* Problem description: Word for word, print out all of the data, omitting every image.

----

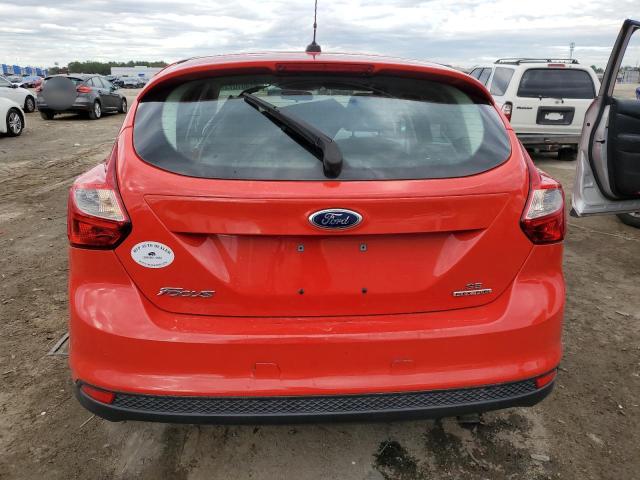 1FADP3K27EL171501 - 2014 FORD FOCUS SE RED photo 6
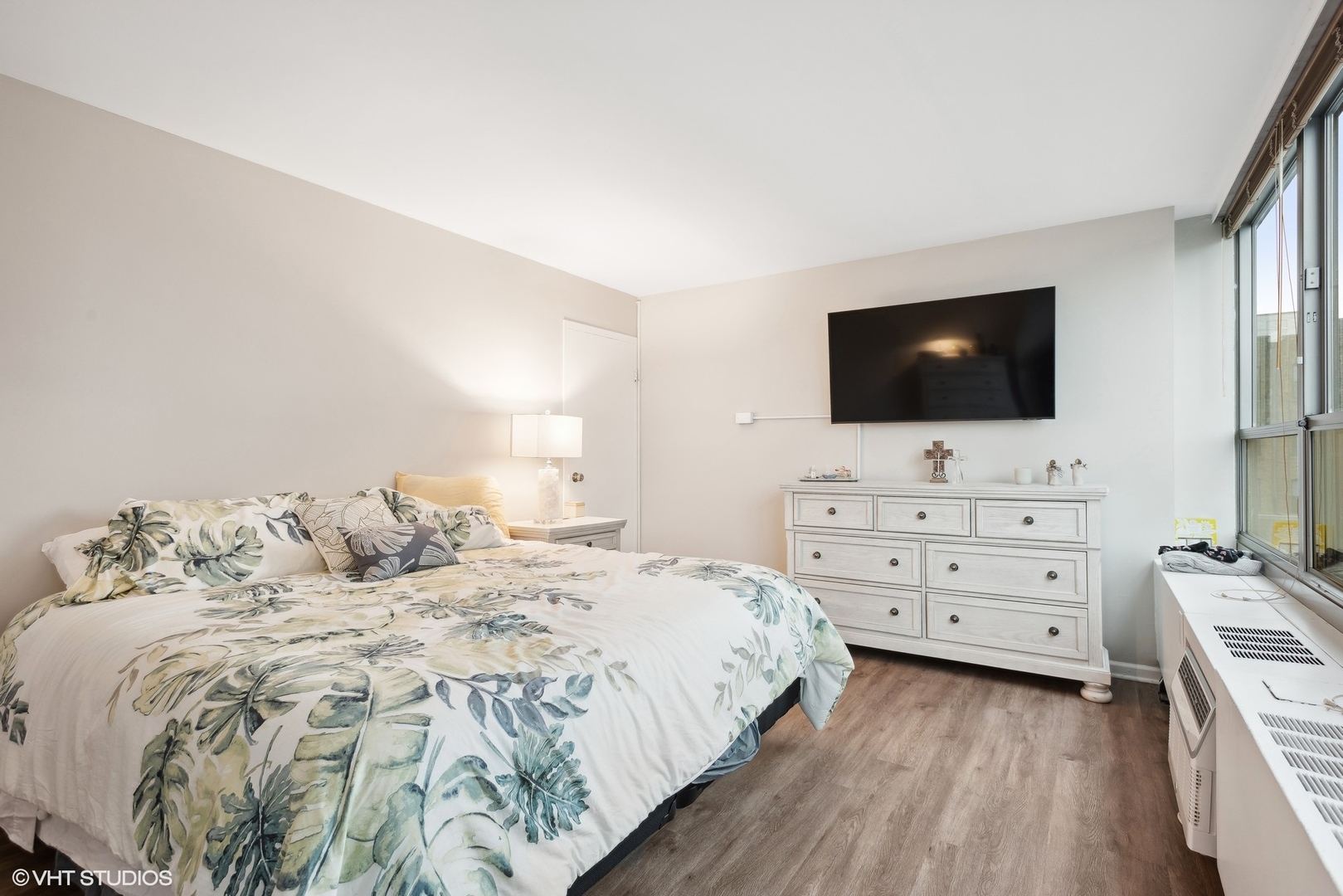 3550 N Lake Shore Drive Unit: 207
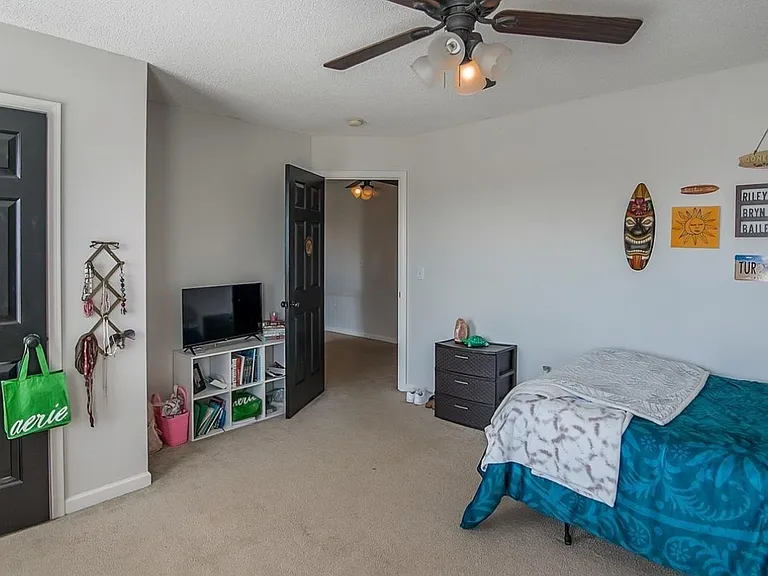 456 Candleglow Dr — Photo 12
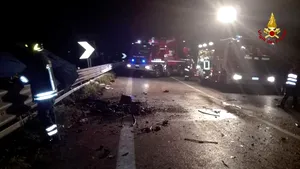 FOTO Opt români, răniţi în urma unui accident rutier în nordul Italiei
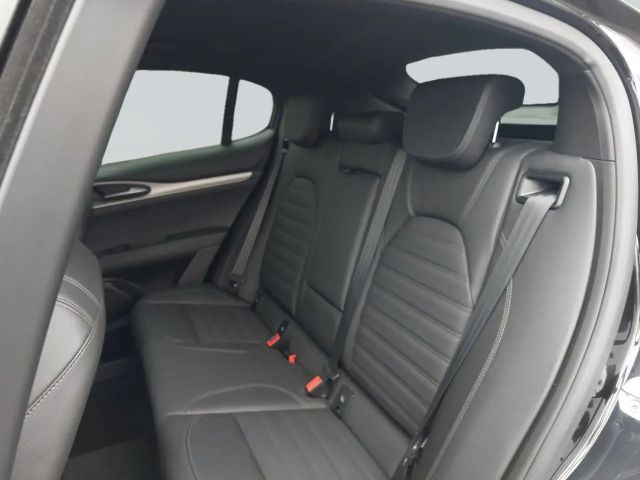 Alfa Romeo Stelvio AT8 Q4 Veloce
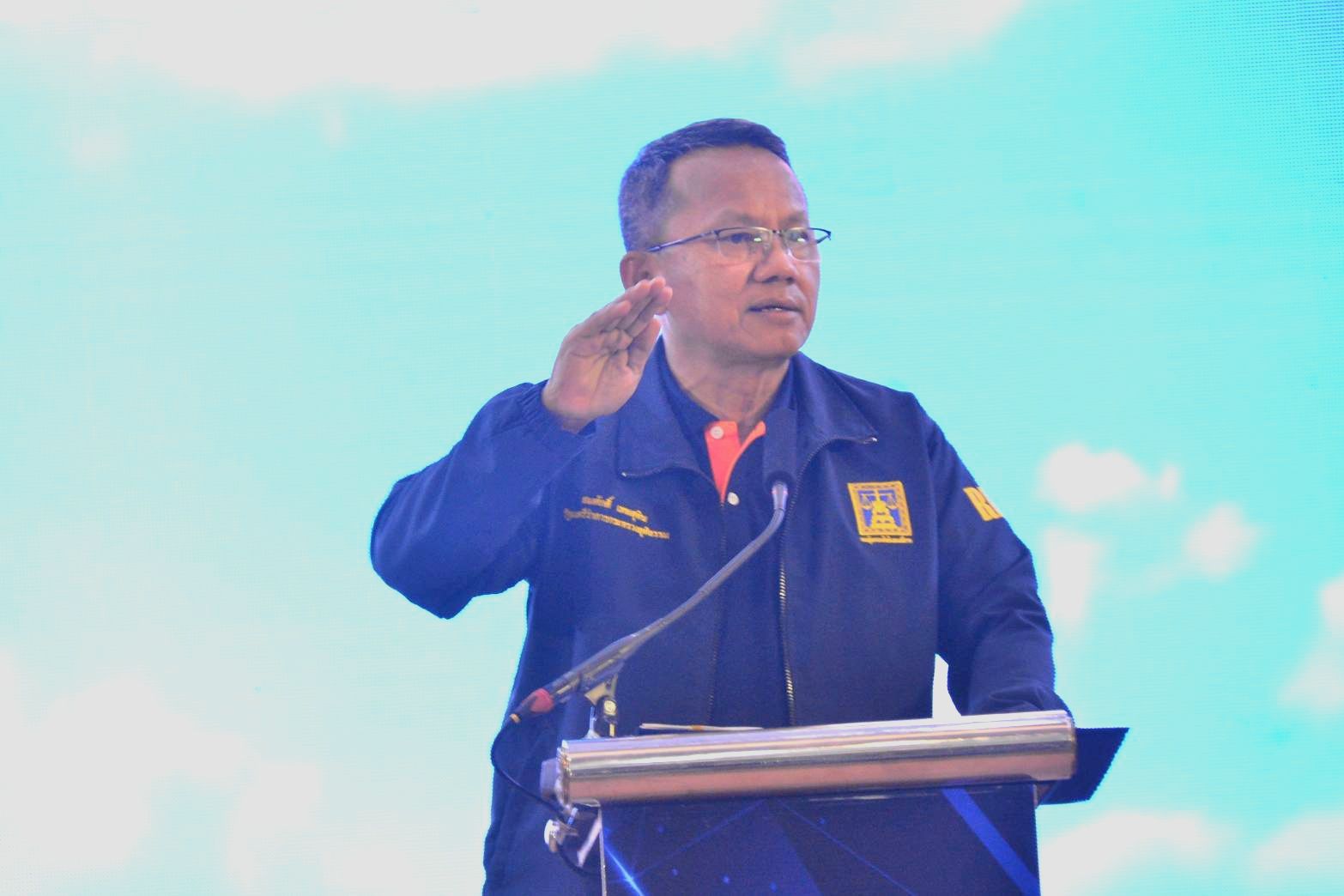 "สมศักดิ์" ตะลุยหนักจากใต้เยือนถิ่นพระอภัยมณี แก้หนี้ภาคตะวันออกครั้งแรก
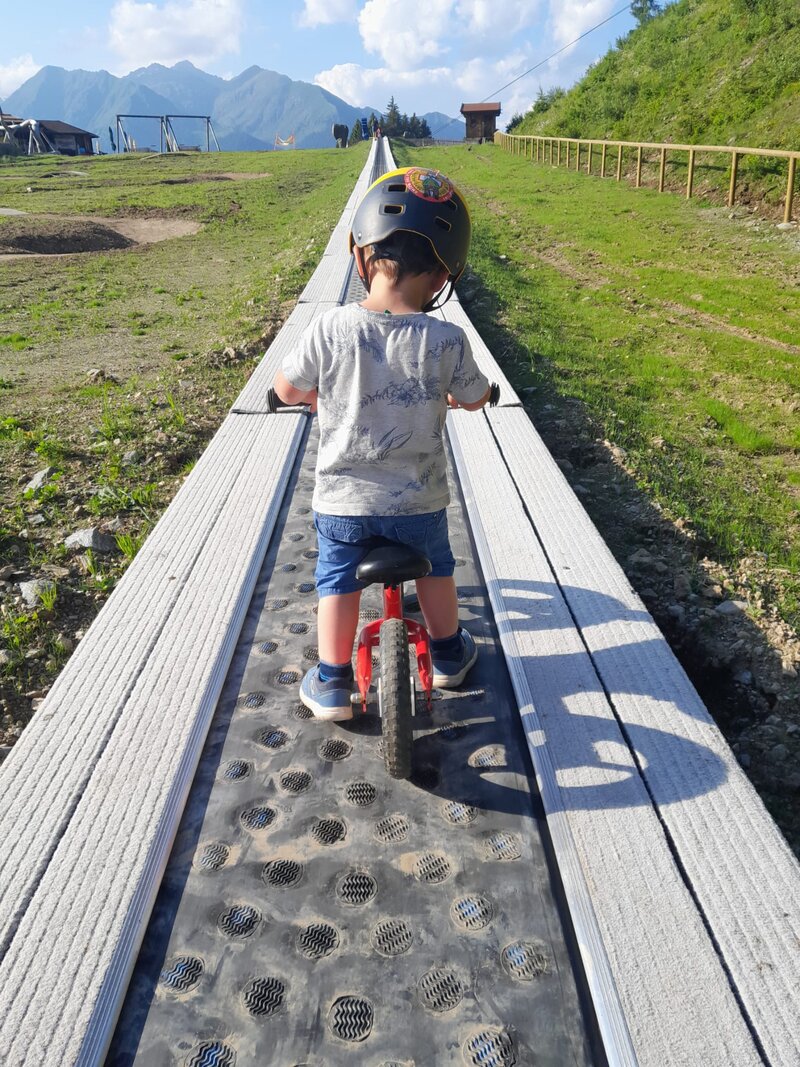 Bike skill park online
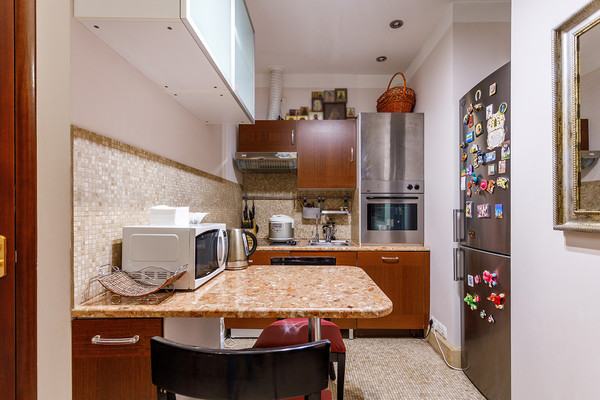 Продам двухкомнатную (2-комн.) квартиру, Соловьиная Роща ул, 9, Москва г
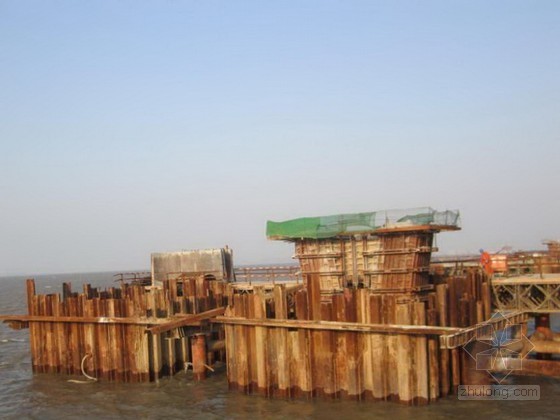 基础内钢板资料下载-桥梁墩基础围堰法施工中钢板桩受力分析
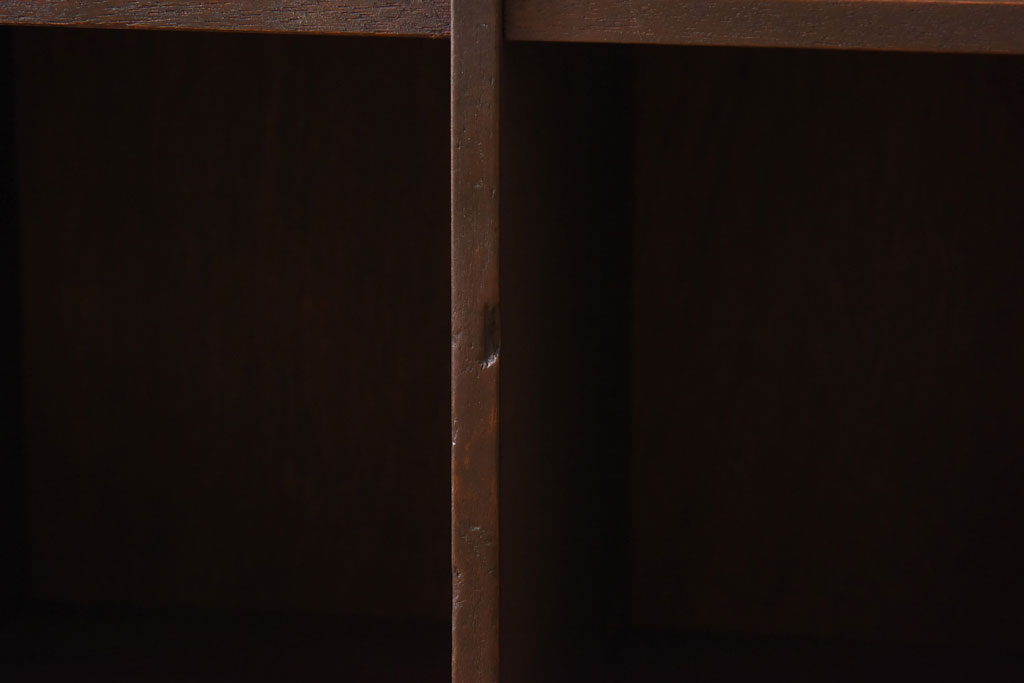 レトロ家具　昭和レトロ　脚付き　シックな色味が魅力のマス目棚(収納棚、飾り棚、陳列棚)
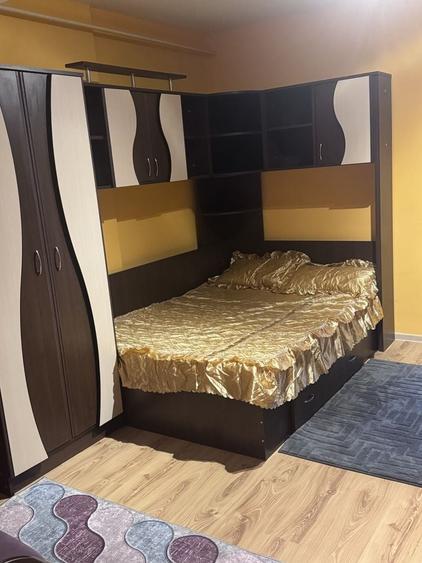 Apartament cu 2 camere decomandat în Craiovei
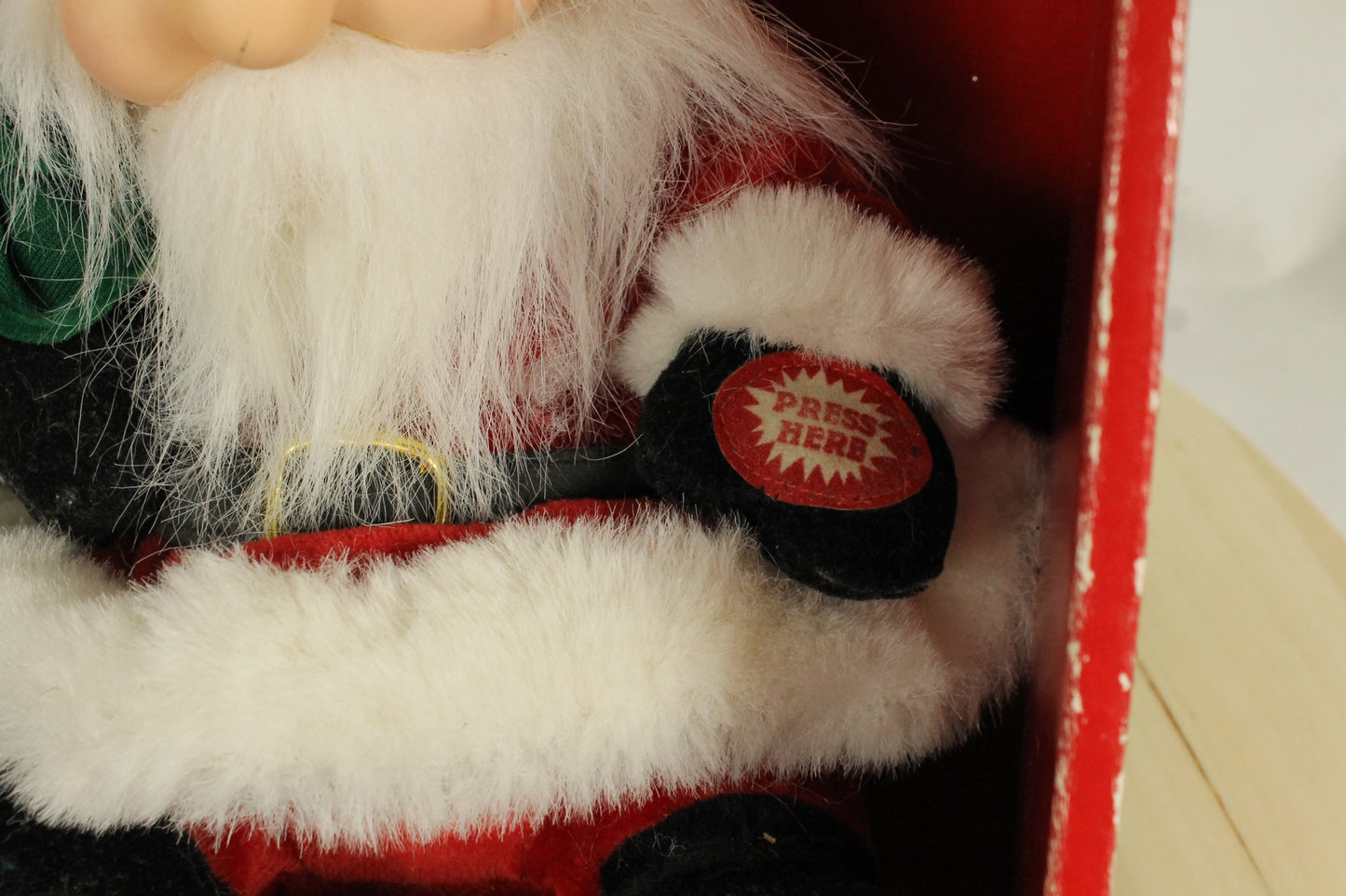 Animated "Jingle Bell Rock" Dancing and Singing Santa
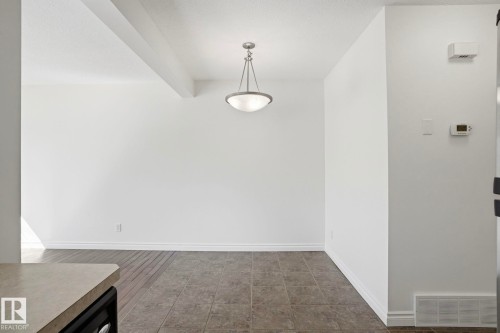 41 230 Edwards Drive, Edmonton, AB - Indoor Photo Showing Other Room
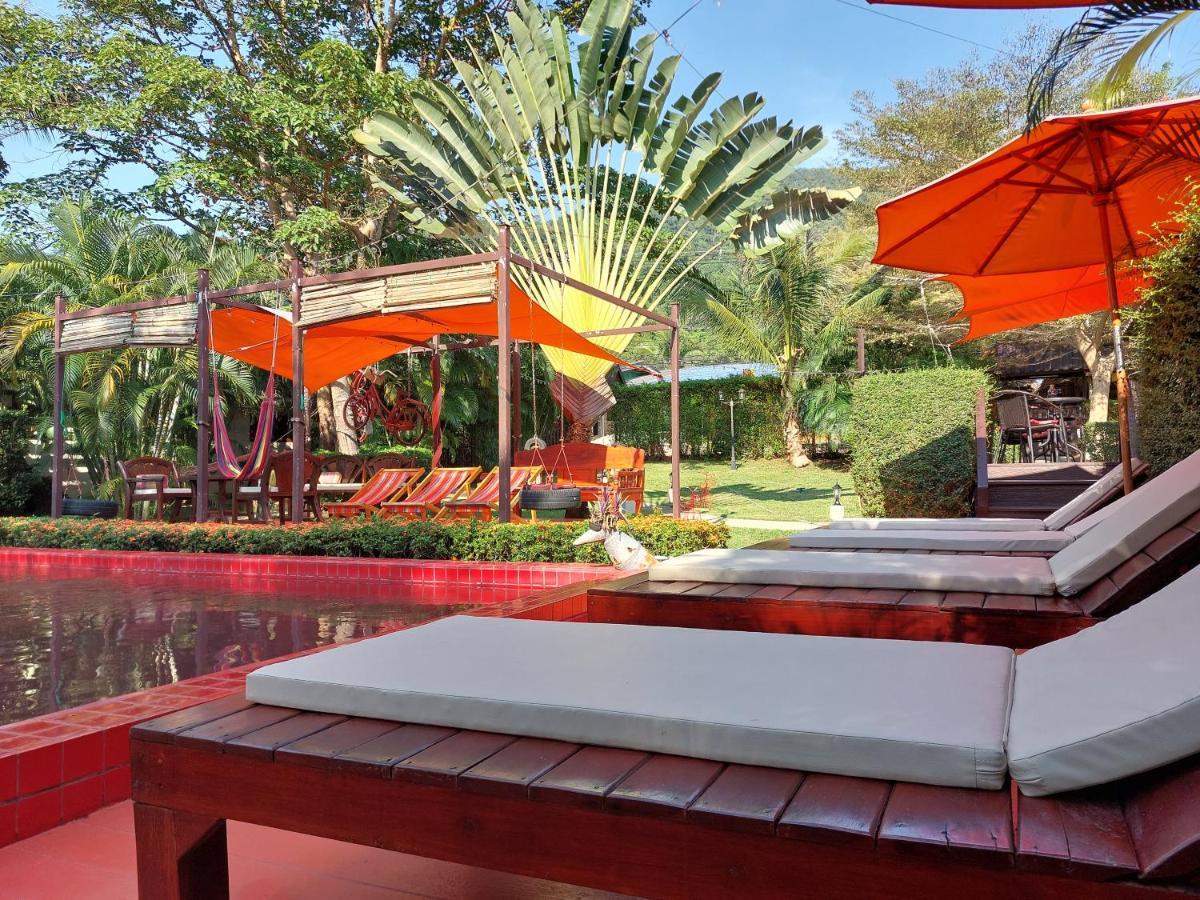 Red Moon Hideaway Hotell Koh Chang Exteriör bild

----

* Exercise response:
 1FADP3K27EL171501 - 2014 FORD FOCUS SE RED photo 6
 3550 N Lake Shore Drive Unit: 207
 456 Candleglow Dr — Photo 12
 FOTO Opt români, răniţi în urma unui accident rutier în nordul Italiei
 Alfa Romeo Stelvio AT8 Q4 Veloce
 "สมศักดิ์" ตะลุยหนักจากใต้เยือนถิ่นพระอภัยมณี แก้หนี้ภาคตะวันออกครั้งแรก
 Bike skill park online
 Продам двухкомнатную (2-комн.) квартиру, Соловьиная Роща ул, 9, Москва г
 基础内钢板资料下载-桥梁墩基础围堰法施工中钢板桩受力分析
 レトロ家具　昭和レトロ　脚付き　シックな色味が魅力のマス目棚(収納棚、飾り棚、陳列棚)
 Apartament cu 2 camere decomandat în Craiovei
 Animated "Jingle Bell Rock" Dancing and Singing Santa
 41 230 Edwards Drive, Edmonton, AB - Indoor Photo Showing Other Room
 Red Moon Hideaway Hotell Koh Chang Exteriör bild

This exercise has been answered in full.